I have always thought that self-sacrifice is the best and most right thing to do. I have all the Scriptures memorized about giving my life for my friends and considering others to be more important than myself. I do my best to practice the Golden Rule, and have always believed that martyrdom is the most noble, selfless act possible.

That is, until I saw Beyond the Gates.

In a stunning drama recounting the horrific events of the Rwandan genocide in April of 1994, Beyond the Gates explores not just the immorality of the mass murders, but the intense, virtually unanswerable questions of morality thrown at the feet of those who are not the direct victims.

Hugh Dancy as Joe in Beyond the GatesJoe (heart-wrenchingly played by Hugh Dancy) is a young man who travels to Rwanda in 1994, hoping to pay his humanitarian debt out of a sense of gratitude for his thus-far relatively easy life. He’s young and optimistic, wanting to help educate the minority children at a Rwandan Catholic school. In short, the majority Hutus are out to rid the world of the “cockroaches”—the Tutsi minority. Joe, along with Father Christopher and other volunteers, fight to keep the violence at bay, but a violent coup d’etat interrupts their work and turns the school into a refugee camp full of frightened Tutsis. In just six short days, 800,000 Rwandan men, women, and children will be violently slaughtered—mostly by machete or beating—in an attempted (but unsuccessful) total genocide.

The film has its technical weaknesses—a low budget clearly influenced the sound editing, which was incredibly frustrating throughout the movie. Background noise, English spoken with British, French, African, and Belgian accents, and my own ignorance of any of the backstory made understanding and comprehending people’s words virtually impossible, particularly in the first half of the film. Also distracting was the camera movement, which lacked fluidity and bordered on dizzying a couple of times.

But back to self-sacrifice. My thoughts on this were challenged so deeply that it kept me awake at night for awhile—and I have yet to reach a solid answer. In the movie (as in the actual historical event), Joe has worked closely with Father Christopher (an awe-inspiring performance by John Hurt—the first ever when I’ve seen him really smile) for several months before the coup. When the Belgian U.N. troops who have been guarding the refuge/school are called to relocate, effectively leaving the Tutsis to die at the hands of the murderous Hutus, they are willing to take others with them—others, that is, as long as they are white Europeans. Absolutely no Africans are allowed to escape the impending slaughter.

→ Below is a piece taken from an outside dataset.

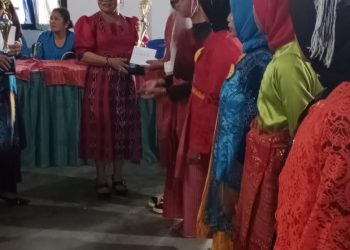 Ketua TP PKK Kabupaten Simalungun Ny Ratnawati Radiapoh Hasiholan Sinaga Lounching Festival Tortor dan Marturiturian 2023 di Pamatang Bandar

Thus the conundrum: Does Father Christopher, whose faith has been broken by the days of terror, stay behind with the Rwandan people he has served for decades? Would leaving to preserve his own life help them? Or would it look like betrayal and abandonment? But then, what good would dying with them do? It would not save a single life, and his death would prevent him from helping anyone anymore. He’s not ancient, he’s in relatively fine physical shape—wouldn’t his life be better spent surviving, living long enough to help the Rwandans pick up the pieces and try to restore some semblance or stability?

And then there’s Joe—on a mission to assuage the guilty gratitude he feels over his privileged upbringing. What good would his death do? Would staying behind and dying with the Rwandan Tutsis be more beneficial than leaving to go help others? Would his death accomplish anything more than a demonstration of solidarity? And, if he did leave, would the sense of abandonment and betrayal follow him, doggedly, for the rest of his life?

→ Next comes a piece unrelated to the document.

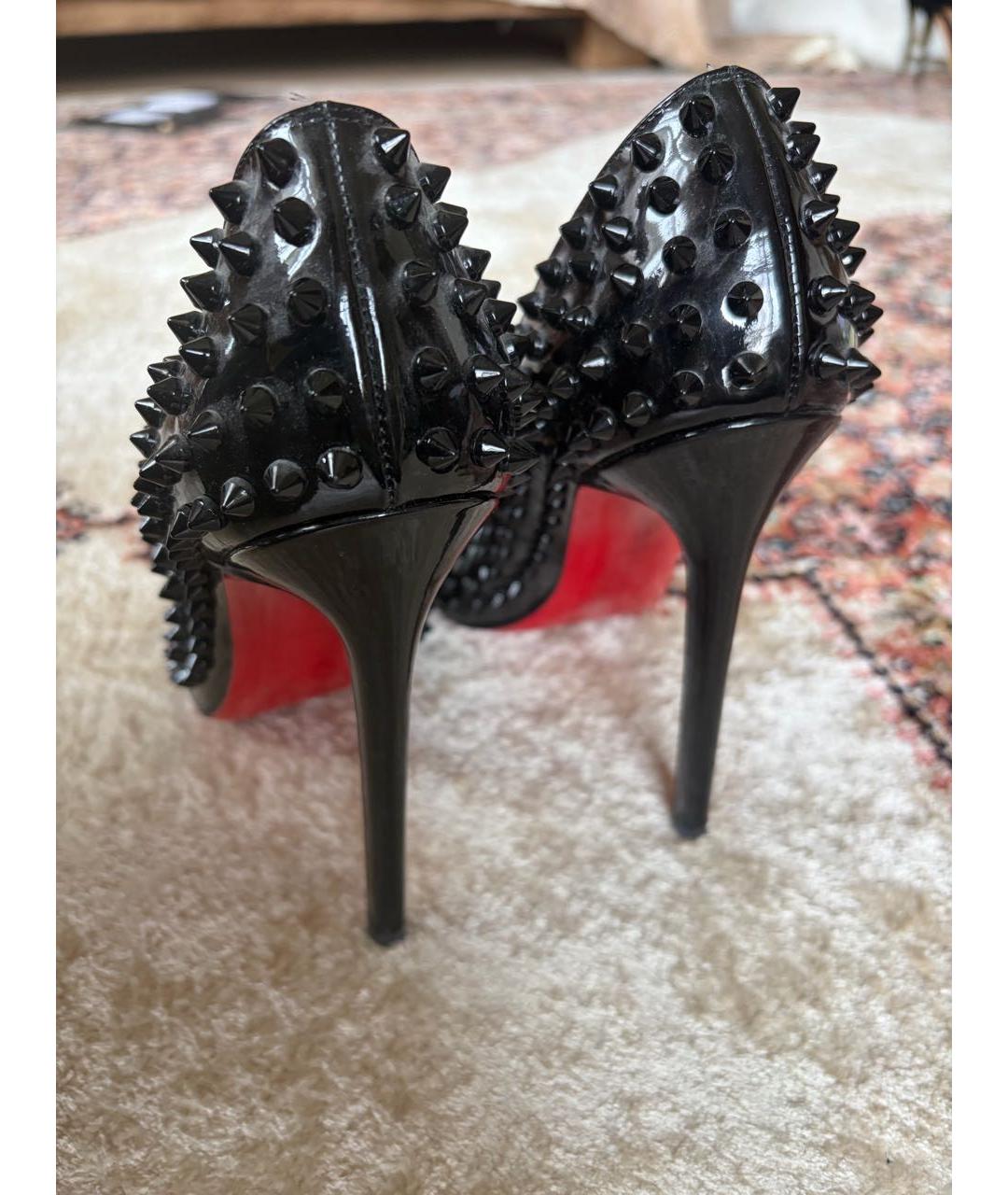 CHRISTIAN LOUBOUTIN Черные туфли из лакированной кожи, фото 4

These are the questions that left me gasping in the dark as the credits rolled. And even after talking it out with my husband/soulmate who accompanied me to the screening, I still don’t have the answer. What would I do? Would I leave out of cowardice and fear, trying to convince myself I could do more and better work for these people alive than dead? Would I stay behind?

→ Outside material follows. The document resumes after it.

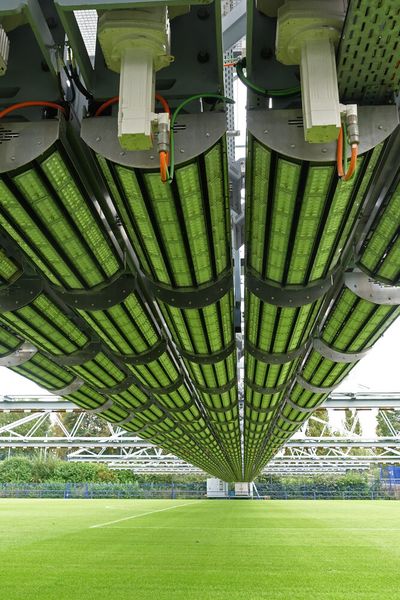 Die Anlage besteht aus 2.755 LED-Lichtmodulen, in denen über 200.000 Osram-LED verbaut sind. (Bild: Stefanie Michel)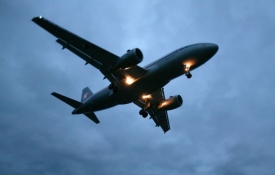 Aerolinky hledají cestu z krize. Snižují kapacity a chtějí propouštět.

I don’t know. What I do know is that as director Michael Caton-Jones presents the terrible history of these appalling events, he plunges the audience into a palpable abyss of ethical considerations, leaving us with only our ideas and our thoughts and our beliefs to wrestle through. For me, Caton-Jones’ work is the machete that cleaves bone from flesh, separating the sinews into ugly lumps of mere potential strength with no solid support. Ultimately, he presents a painful history, made all the more profound when, at the end, 800,000 people are violently murdered; certain races are saved; and we are left wondering what we would do if we were in Joe’s or Father Christopher’s shoes, and what, if anything, is “right.”

Beyond the Gates is rated R “for strong violence, disturbing images and language.” That’s certainly fair, though it’s safe to guess that the upcoming Grindhouse will also be rated R; and really, that’s no fair comparison. It’s almost absurd, really.

Courtesy of a local publicist, Jenn attended a promotional screening of Beyond the Gates.